January 9, 2015

Living Earth Featured in BioCycle Magazine

Nora Goldstein
BioCycle January 2015, Vol. 56, No. 1, p. 28

Mark Rose’s “career” in organics recycling started at age 13 when he had a job attaching empty bags to a bagging machine at a soil products company in Austin, Texas. “I’ve been in this business ever since,” he notes, “including managing the company where I worked as a kid.” Today, Rose is President and CEO of The LETCO Group LLC, which does business as Living Earth™, a Dallas-based composting and mulch production company with 18 processing facilities that include retail yards located in the Dallas-Ft. Worth region and Houston, and 3 stand-alone retail yards.

All together, Living Earth processes over 700,000 tons/year of yard trimmings, brush, preconsumer vegetative food discards, untreated wood wastes, stable bedding and herbivore manure. It composts the yard trimmings, manure and food scraps in large static piles. Brush and tree trimmings are processed separately into mulch. All Living Earth recycling facilities are open to the public and commercial businesses such as landscapers. In addition, the company has contracts with several municipalities to process curbside-collected brush and yard trimmings.
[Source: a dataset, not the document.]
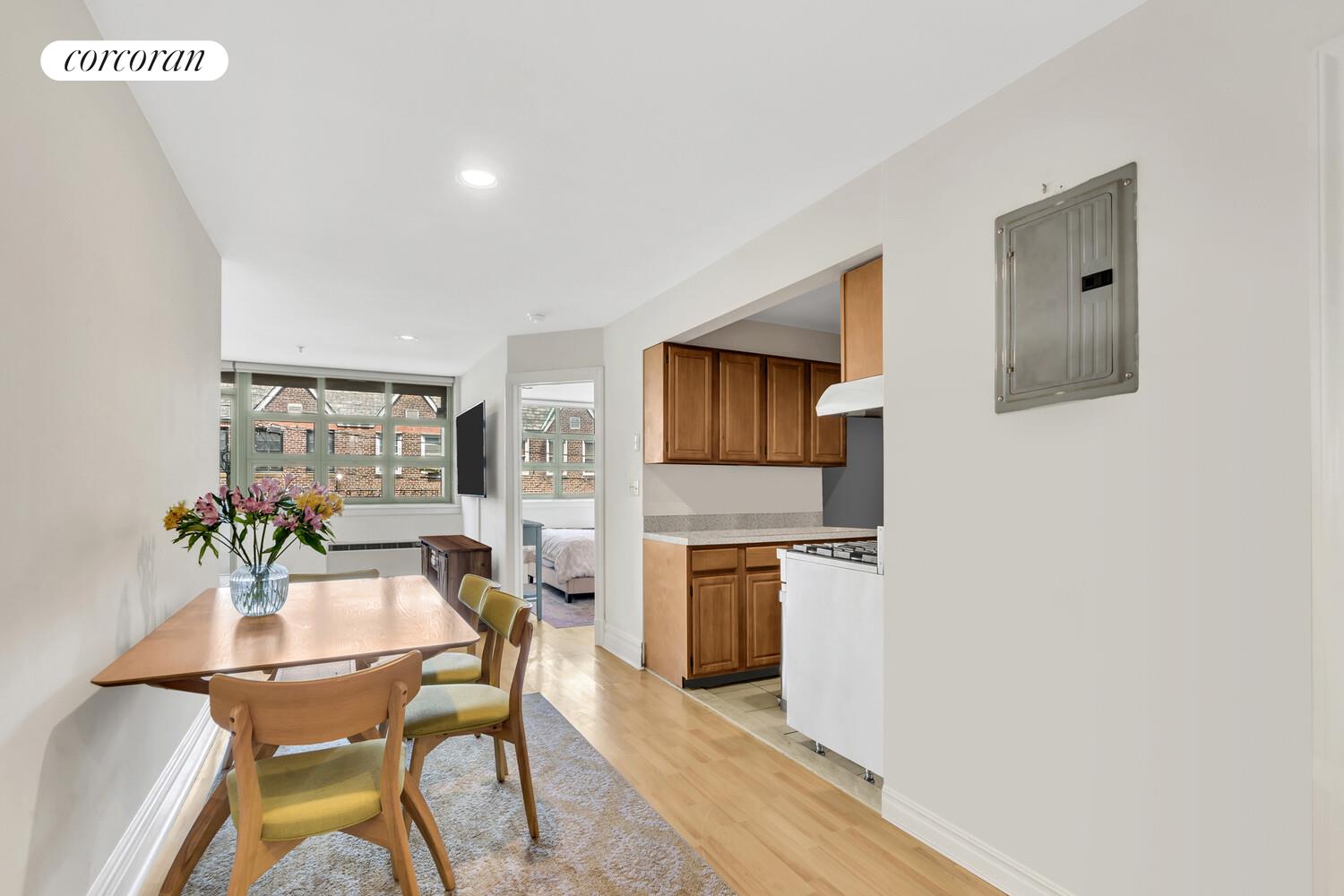 #3 photo, 19-19 24TH Avenue, クイーンズ区 Ditmars Steinway , NY 11102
Living Earth opened its first organics recycling facility in 1985. Rose was one of the owners of the original company. In 1990, Republic Services — then a “little, little” company, notes Rose — purchased four companies in Texas, including Living Earth. “I then worked for Republic for 17 years,” he says. “Composting sites were opened at three landfills — one in Houston and two in Dallas-Forth Worth. Overtime, we had a mission to grow the company’s organics recycling infrastructure in the region. Our strategy was to develop conveniently located ‘in-field’ facilities that are in the city and accessible to our landscape customer base and various solid waste haulers, as well as our retail yard customers.”

In 2007, when Republic Services was preparing to merge with Allied Waste, Republic determined that Living Earth was a “noncore company” and decided to sell it. Rose joined with other Living Earth managers and an investment group to purchase the company, which today has 210 employees.